TASK INSTRUCTIONS:
What is needed is an exact copy of every line from the one with "Sony a6000 sample" to the end of the entries below, without the pictures.

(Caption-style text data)
============================================================
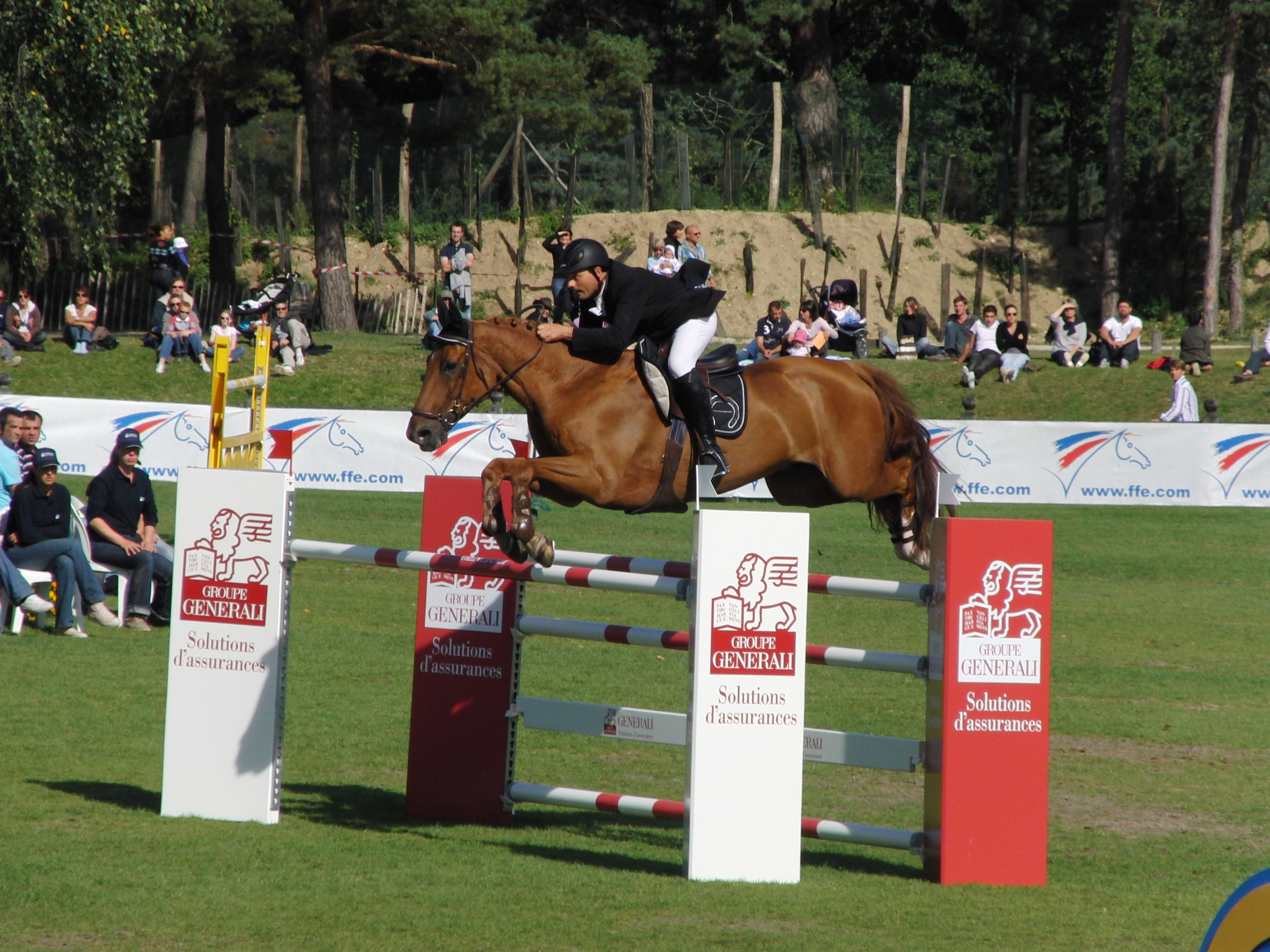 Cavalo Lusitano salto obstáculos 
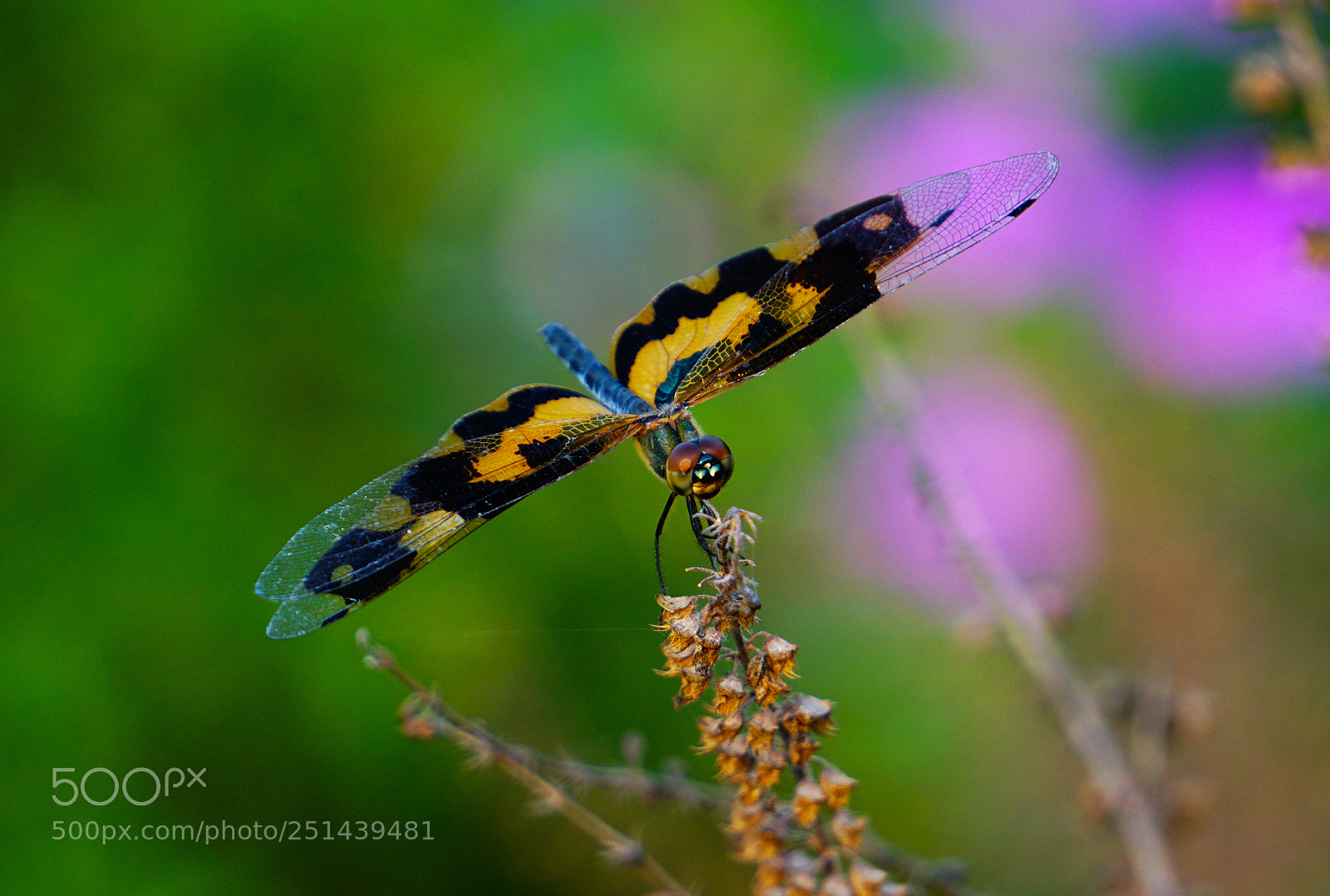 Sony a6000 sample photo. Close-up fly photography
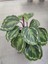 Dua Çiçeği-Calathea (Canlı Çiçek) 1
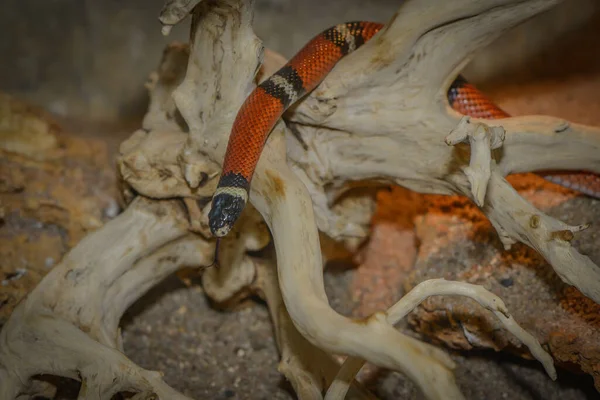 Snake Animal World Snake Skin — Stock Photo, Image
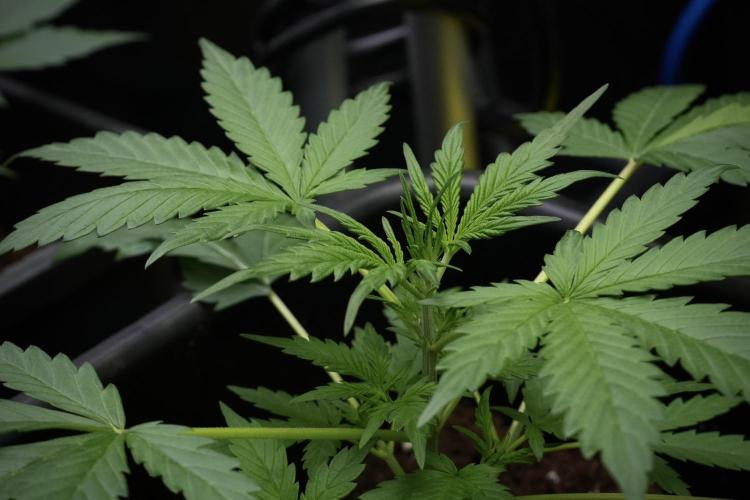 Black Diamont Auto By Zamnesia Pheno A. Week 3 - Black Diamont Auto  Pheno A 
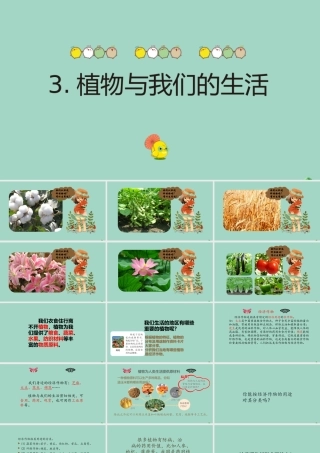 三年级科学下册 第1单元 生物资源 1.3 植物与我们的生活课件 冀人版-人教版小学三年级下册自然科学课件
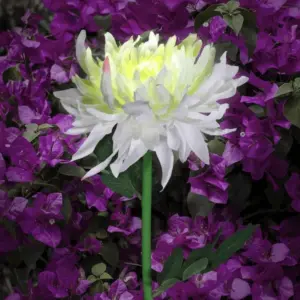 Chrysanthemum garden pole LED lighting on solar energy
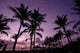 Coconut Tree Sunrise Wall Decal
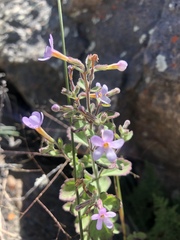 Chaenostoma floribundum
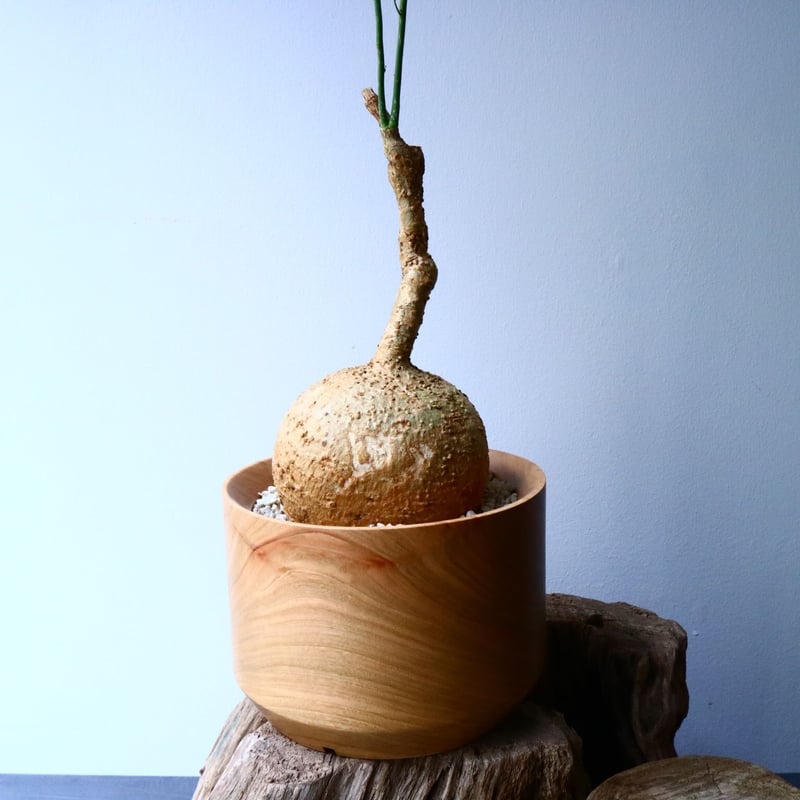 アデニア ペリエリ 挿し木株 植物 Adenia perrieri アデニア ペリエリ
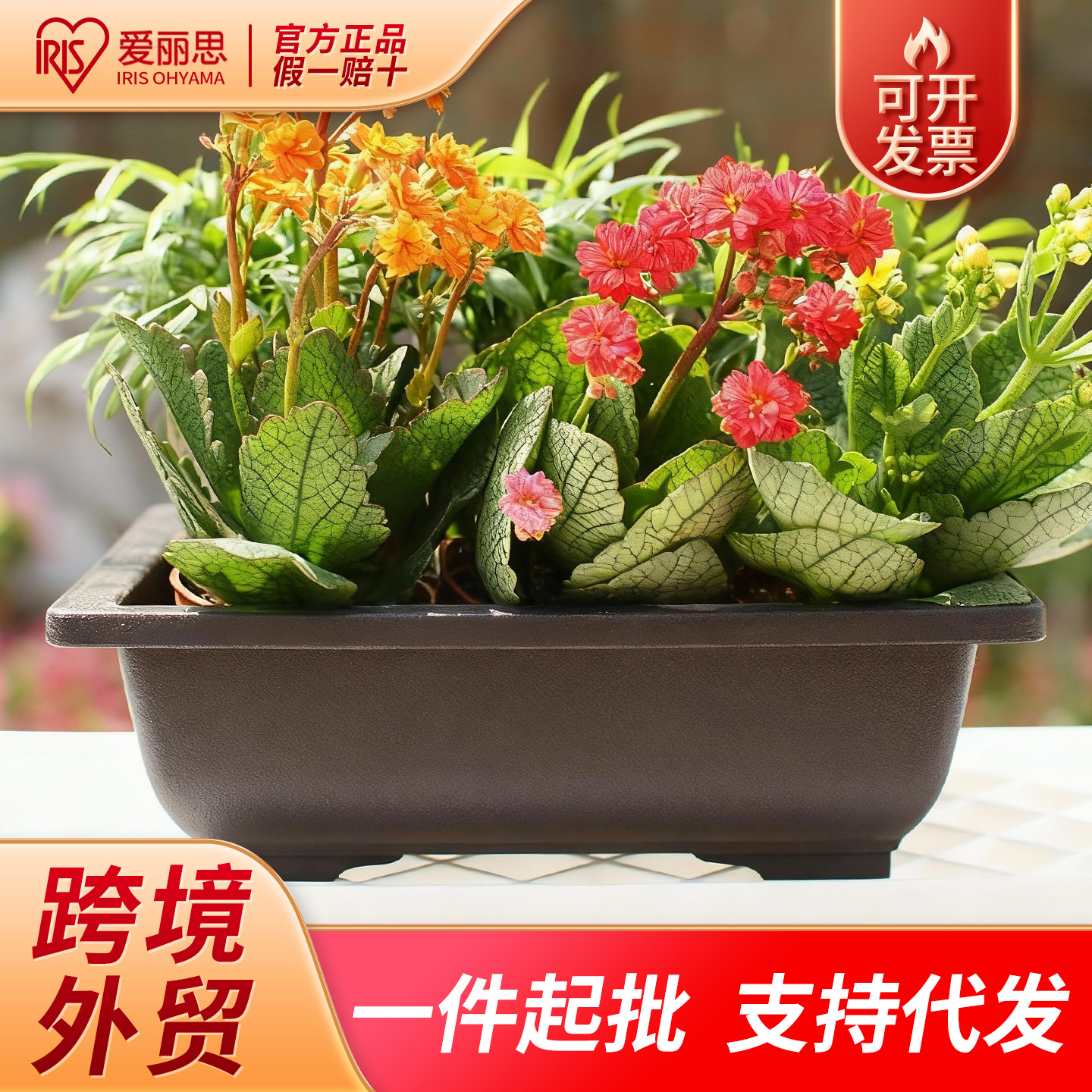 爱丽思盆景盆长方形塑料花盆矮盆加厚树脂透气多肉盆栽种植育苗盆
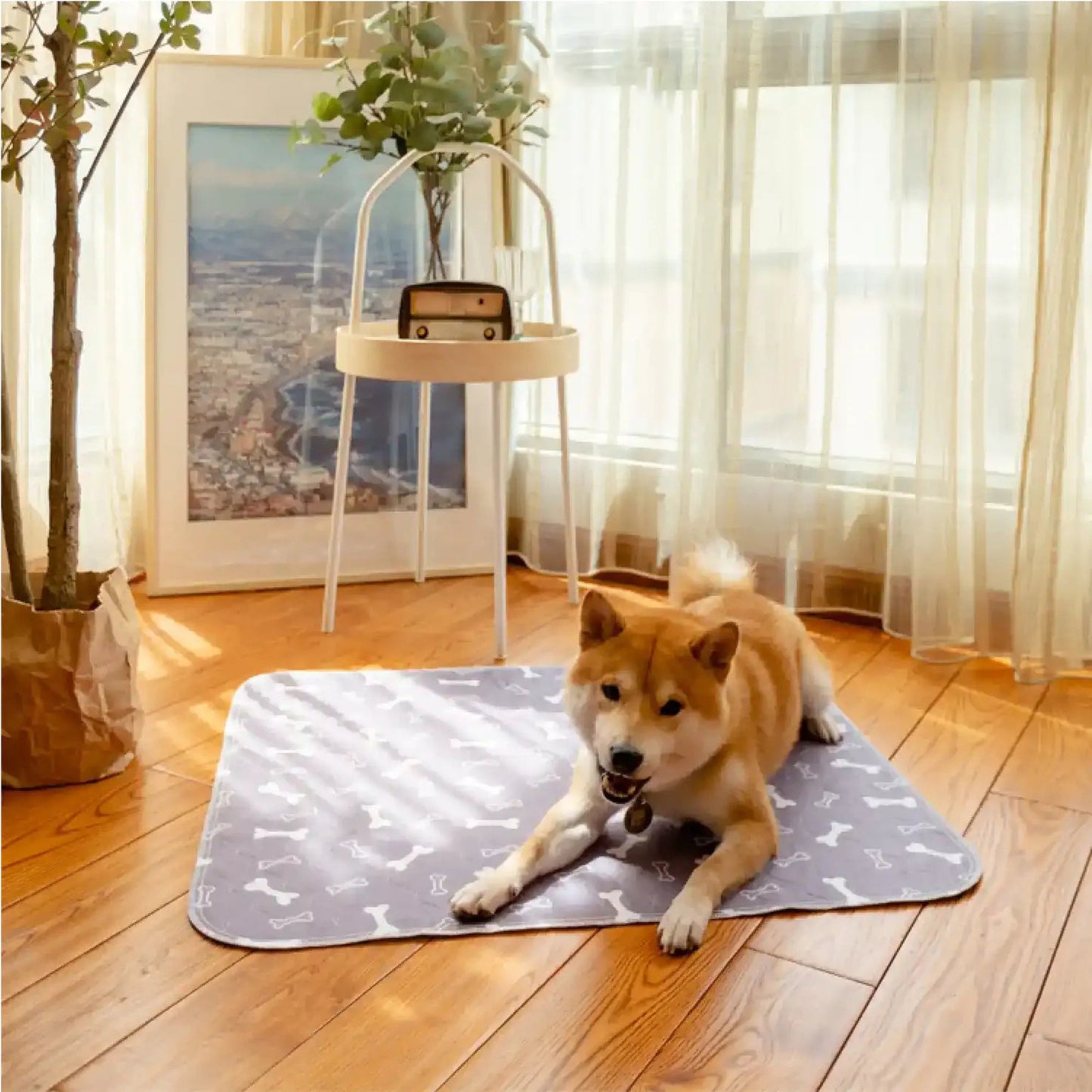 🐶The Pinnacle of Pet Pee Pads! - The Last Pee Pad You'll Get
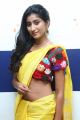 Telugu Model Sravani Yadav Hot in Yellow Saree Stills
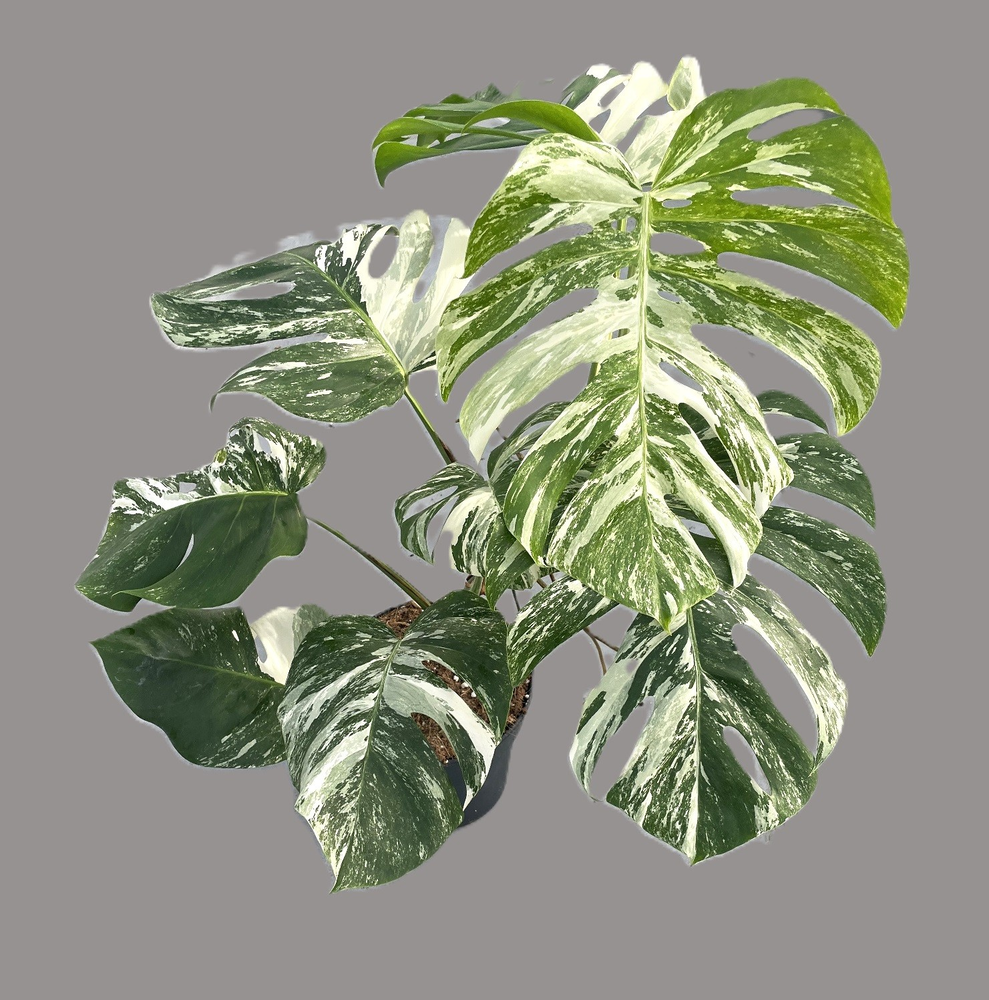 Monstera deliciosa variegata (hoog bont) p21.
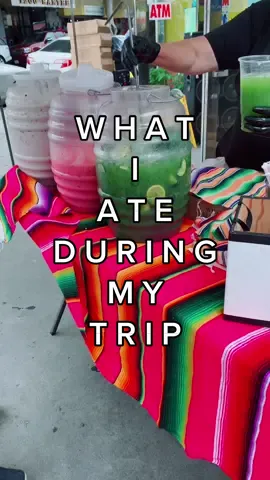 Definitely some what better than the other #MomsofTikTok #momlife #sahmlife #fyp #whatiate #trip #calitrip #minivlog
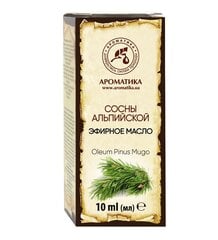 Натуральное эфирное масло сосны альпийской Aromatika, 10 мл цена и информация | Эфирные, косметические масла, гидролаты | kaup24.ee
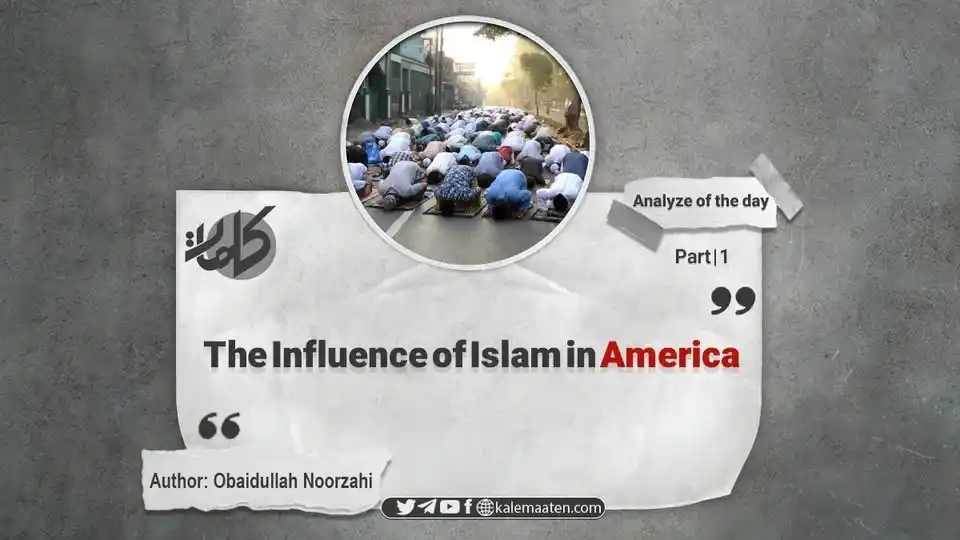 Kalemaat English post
============================================================
ANSWER SECTION:
 Sony a6000 sample photo. Close-up fly photography
 Dua Çiçeği-Calathea (Canlı Çiçek) 1
 Snake Animal World Snake Skin — Stock Photo, Image
 Black Diamont Auto By Zamnesia Pheno A. Week 3 - Black Diamont Auto  Pheno A 
 三年级科学下册 第1单元 生物资源 1.3 植物与我们的生活课件 冀人版-人教版小学三年级下册自然科学课件
 Chrysanthemum garden pole LED lighting on solar energy
 Coconut Tree Sunrise Wall Decal
 Chaenostoma floribundum
 アデニア ペリエリ 挿し木株 植物 Adenia perrieri アデニア ペリエリ
 爱丽思盆景盆长方形塑料花盆矮盆加厚树脂透气多肉盆栽种植育苗盆
 🐶The Pinnacle of Pet Pee Pads! - The Last Pee Pad You'll Get
 Telugu Model Sravani Yadav Hot in Yellow Saree Stills
 Monstera deliciosa variegata (hoog bont) p21.
 Definitely some what better than the other #MomsofTikTok #momlife #sahmlife #fyp #whatiate #trip #calitrip #minivlog
 Натуральное эфирное масло сосны альпийской Aromatika, 10 мл цена и информация | Эфирные, косметические масла, гидролаты | kaup24.ee
 Kalemaat English post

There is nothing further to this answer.